At 7.30 am on October 16, 2007, Ericsson issued a press release. This contained a profit warning and an invitation to a press conference at 10 am. Ericsson’s operating profit for the third quarter would be SEK 5.6 billion instead of the SEK 9.2 billion that analysts had expected. Operating margins had dropped from around 20 percent to a bare 13 percent.
Journalist Birgitta Forsberg later wrote in Affärsvärlden:
On Friday, October 12, the catastrophe was a fact … What was worse was that the core operation, sales of mobile telephone networks, is what had collapsed. The management spent the entire weekend examining this information from every angle and on Sunday Carl-Henric Svanberg rang the chairman of the board, Michael Treschow, to inform him. He then went on to ring the rest of the board.
On Monday morning, Kalle Sundström collected the very latest figures. The management spent the entire day in a crisis meeting and in the morning Henry Sténson and the company lawyer, Carl Olof Blomqvist, went to the Stockholm Stock Exchange to inform it of the position.
“It was my firm conviction that we were obliged to issue a profit warning,” was Svanberg’s comment to Forsberg.
At 6 pm on Monday evening, the board convened. Svanberg, Sundström and Kurt Jofs had to present their explanations. Then Svanberg, Sundström, Sténson and the press officer, Åse Lindskog, spent half the night going through what was going to be presented on the following day.
SHARE PRICE DROPPED
Not unexpectedly, there were heated reactions. Ericsson’s share price dropped by 24 percent on the day of the profit warning. And the media now saw a chance to describe Svanberg as a loser.
Later, at a seminar moderated by journalist Henrik Frenkel, Svanberg gave his own picture of his reaction on October 12: “It felt indescribable. But the way I work is instinctively to go for the ball. There was no point in sitting on a log in the forest and sighing.”
He immediately gathered his closest colleagues. They then worked around the clock for three days trying to come to grips with the situation. “We could see straight away that it was not worth wasting a second on discussing the figures; time was too precious for that. I have been around too long to believe that it was embezzlement or anything of the kind.
“The second thing was to realize that within 72 hours we had to understand what had happened and be able to explain it in ten seconds on the news and in half an hour at a press conference. And most importantly, we had to understand what had happened in a way that would still make sense in a year’s time as well.”
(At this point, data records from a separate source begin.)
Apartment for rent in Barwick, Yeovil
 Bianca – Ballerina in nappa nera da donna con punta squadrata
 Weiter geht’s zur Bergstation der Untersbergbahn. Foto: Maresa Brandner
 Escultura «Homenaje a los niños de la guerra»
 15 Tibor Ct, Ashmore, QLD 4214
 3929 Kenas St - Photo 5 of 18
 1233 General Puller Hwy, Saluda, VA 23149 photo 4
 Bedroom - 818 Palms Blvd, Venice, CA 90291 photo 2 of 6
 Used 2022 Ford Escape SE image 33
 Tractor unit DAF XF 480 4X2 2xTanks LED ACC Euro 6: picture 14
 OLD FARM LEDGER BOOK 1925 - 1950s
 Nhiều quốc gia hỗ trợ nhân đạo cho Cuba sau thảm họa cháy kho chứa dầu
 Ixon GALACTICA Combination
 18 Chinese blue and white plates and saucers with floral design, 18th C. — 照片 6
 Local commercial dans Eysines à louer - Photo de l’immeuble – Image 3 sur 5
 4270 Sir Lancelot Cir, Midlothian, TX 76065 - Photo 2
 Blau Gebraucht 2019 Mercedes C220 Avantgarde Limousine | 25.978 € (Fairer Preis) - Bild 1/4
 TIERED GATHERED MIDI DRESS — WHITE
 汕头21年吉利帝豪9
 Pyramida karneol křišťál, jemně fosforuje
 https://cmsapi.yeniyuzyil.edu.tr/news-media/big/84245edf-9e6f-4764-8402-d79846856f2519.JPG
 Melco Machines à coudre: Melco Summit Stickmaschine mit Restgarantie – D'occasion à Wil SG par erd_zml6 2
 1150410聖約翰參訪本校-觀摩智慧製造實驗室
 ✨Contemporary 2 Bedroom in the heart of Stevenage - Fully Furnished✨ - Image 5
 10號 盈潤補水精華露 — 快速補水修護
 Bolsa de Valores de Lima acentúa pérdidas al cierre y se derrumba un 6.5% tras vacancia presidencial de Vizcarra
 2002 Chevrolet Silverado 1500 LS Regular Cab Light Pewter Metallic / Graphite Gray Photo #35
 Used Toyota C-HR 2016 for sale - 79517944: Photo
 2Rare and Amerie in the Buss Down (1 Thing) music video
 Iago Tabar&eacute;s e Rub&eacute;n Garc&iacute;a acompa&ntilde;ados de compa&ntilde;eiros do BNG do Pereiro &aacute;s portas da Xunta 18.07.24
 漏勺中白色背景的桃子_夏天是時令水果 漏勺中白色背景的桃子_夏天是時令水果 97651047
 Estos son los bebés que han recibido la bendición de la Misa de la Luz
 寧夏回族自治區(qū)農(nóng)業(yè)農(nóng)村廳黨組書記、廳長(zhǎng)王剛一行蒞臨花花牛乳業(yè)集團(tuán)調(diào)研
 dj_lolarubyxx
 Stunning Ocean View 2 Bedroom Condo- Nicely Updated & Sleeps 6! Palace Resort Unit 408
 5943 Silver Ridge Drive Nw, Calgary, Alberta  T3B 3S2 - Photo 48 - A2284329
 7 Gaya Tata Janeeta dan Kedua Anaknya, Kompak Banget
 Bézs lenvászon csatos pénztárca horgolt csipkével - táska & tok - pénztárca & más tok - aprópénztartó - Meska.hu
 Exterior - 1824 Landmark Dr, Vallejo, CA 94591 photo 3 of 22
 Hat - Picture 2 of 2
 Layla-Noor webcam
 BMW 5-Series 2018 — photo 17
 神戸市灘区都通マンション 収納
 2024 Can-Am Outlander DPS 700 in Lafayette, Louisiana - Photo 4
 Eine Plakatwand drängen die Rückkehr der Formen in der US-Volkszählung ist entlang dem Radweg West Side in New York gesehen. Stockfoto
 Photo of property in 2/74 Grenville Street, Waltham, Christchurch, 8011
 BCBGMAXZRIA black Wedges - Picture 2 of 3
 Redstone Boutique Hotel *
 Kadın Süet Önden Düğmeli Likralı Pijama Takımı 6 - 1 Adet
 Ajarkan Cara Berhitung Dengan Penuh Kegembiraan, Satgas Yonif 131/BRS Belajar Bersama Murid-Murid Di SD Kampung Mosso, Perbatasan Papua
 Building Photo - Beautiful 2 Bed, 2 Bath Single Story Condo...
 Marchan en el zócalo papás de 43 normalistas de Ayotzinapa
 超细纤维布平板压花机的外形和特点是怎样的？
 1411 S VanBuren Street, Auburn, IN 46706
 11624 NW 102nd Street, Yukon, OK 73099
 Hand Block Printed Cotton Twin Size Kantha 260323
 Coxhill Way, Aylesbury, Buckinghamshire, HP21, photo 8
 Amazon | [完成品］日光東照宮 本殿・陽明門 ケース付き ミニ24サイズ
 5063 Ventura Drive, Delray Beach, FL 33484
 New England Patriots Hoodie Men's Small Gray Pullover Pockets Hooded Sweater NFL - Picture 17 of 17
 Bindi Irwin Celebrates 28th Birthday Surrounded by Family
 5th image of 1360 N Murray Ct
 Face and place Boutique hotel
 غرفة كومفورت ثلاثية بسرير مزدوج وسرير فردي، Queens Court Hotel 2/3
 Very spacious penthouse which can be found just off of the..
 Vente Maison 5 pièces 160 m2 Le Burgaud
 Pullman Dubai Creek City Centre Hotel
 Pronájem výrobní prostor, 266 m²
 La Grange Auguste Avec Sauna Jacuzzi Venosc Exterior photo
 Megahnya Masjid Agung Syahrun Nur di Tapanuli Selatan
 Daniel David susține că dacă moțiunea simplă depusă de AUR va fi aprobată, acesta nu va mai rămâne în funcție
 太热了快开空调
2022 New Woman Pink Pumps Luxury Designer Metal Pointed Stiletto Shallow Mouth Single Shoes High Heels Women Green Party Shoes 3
In Contact, Svanberg explained that over the past year Ericsson had gained substantial market share. Openings had been established with new customers, which had meant rolling out a large proportion of new networks. Deals like these, however, have lower margins than expanding or upgrading existing networks.
Svanberg: “The entire loss came in the second half of September. There were fewer orders than expected from the US, the UK and Italy … And when it came to our expansions and upgrades, we had been slightly spoilt by the great stability we had had for 18 quarters in a row. This meant we were not paying as much attention as we should have been.”